▶ [Given information]
┄┄┄┄┄┄┄┄┄┄┄┄┄┄┄┄┄┄┄┄
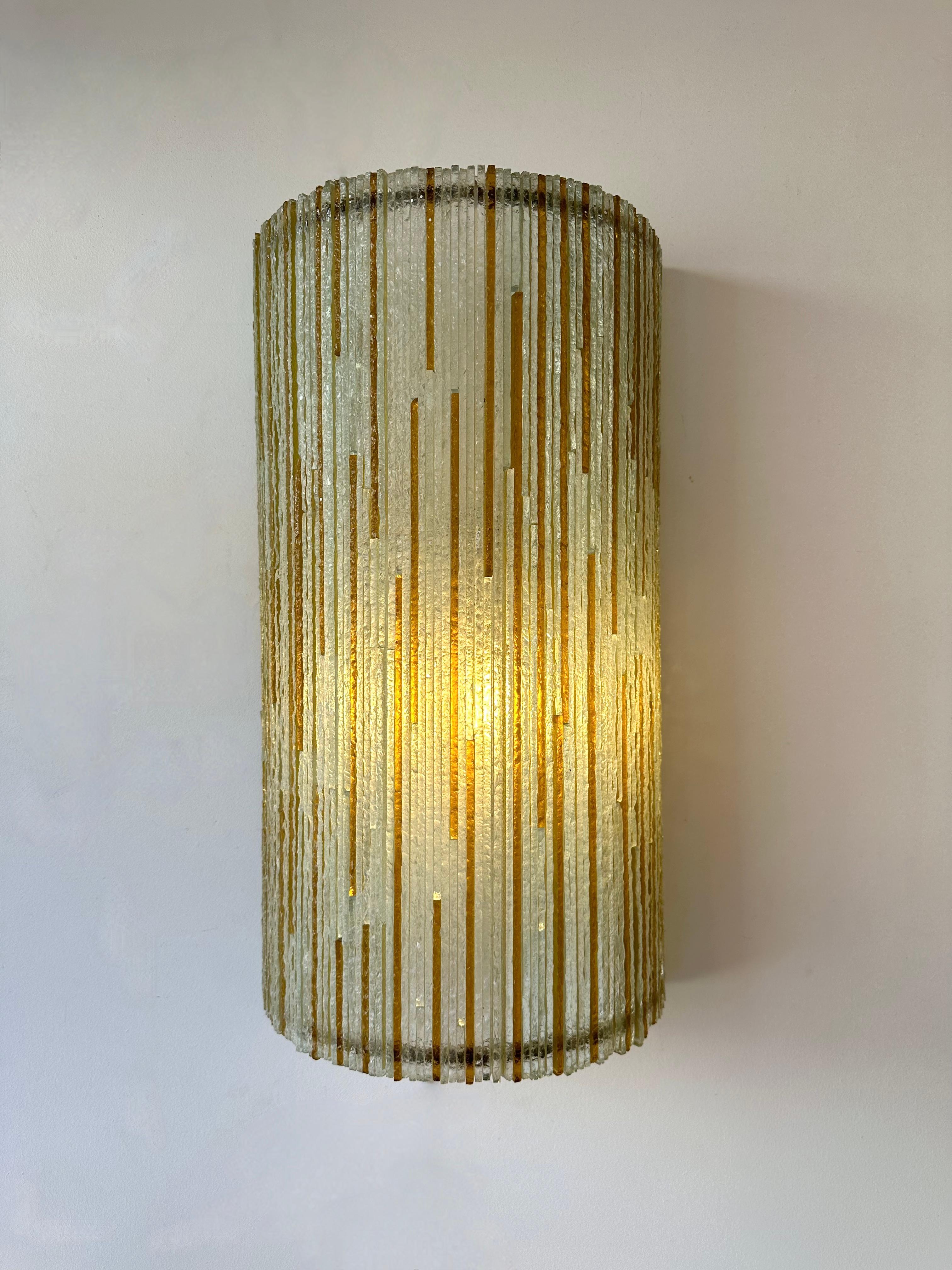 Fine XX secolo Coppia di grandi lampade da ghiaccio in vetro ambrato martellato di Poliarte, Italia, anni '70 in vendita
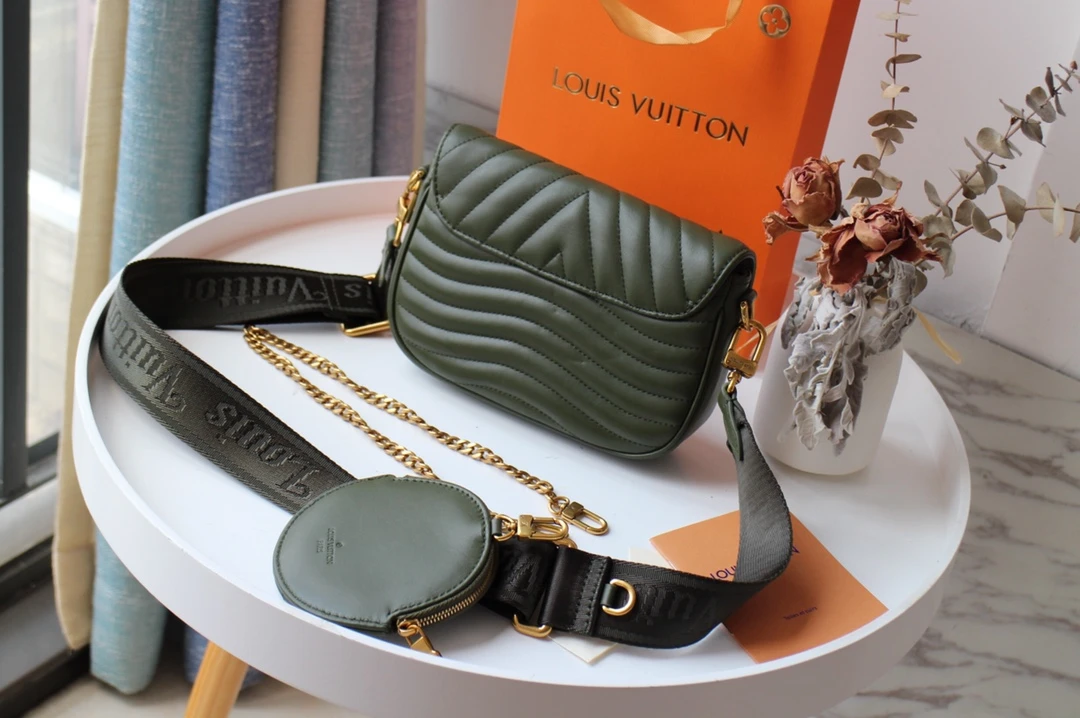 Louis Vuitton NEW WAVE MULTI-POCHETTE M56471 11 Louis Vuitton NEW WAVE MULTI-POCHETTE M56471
┄┄┄┄┄┄┄┄┄┄┄┄┄┄┄┄┄┄┄┄
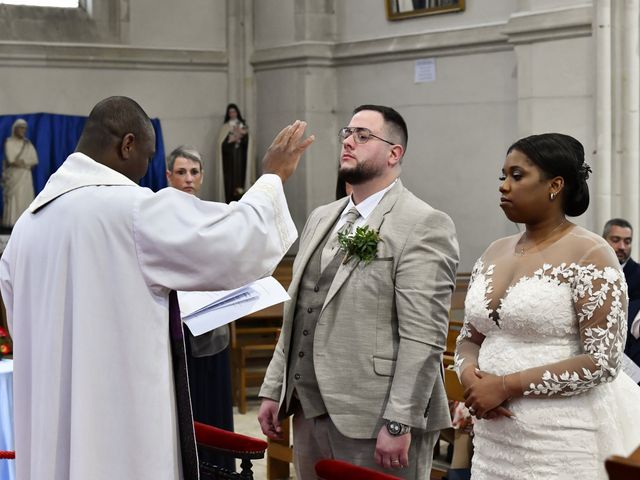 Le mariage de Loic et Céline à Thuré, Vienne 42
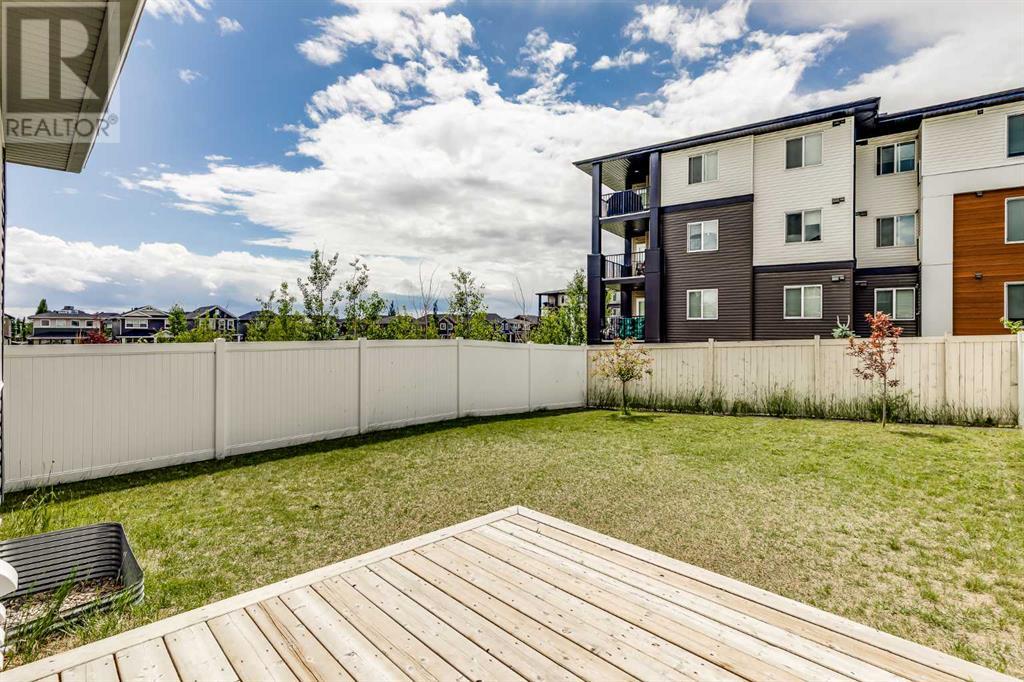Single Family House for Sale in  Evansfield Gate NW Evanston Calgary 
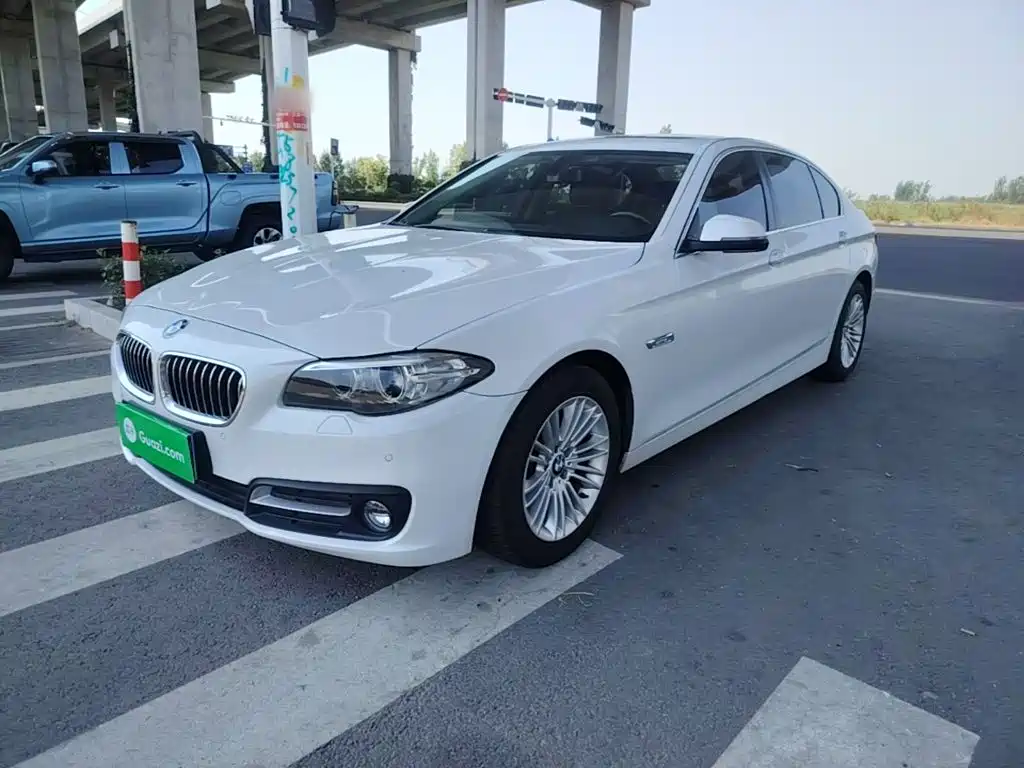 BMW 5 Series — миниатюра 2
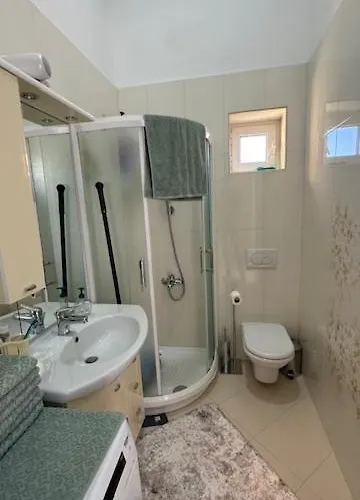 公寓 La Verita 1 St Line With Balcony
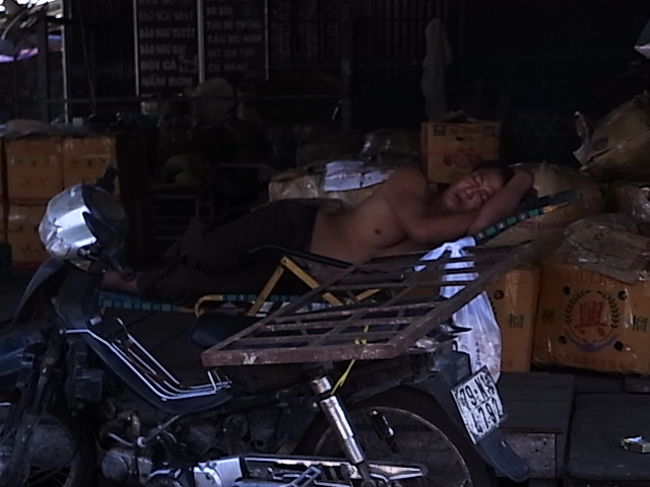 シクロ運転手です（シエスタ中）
┄┄┄┄┄┄┄┄┄┄┄┄┄┄┄┄┄┄┄┄
For this exercise, transcribe exactly the part of the records above that opens with the line containing "Fine XX secolo" and closes with the one containing "Louis Vuitton NEW WAVE MULTI-POCHETTE M56471 11". Pictures are not part of the copy.

 Fine XX secolo Coppia di grandi lampade da ghiaccio in vetro ambrato martellato di Poliarte, Italia, anni '70 in vendita
 Louis Vuitton NEW WAVE MULTI-POCHETTE M56471 11 Louis Vuitton NEW WAVE MULTI-POCHETTE M56471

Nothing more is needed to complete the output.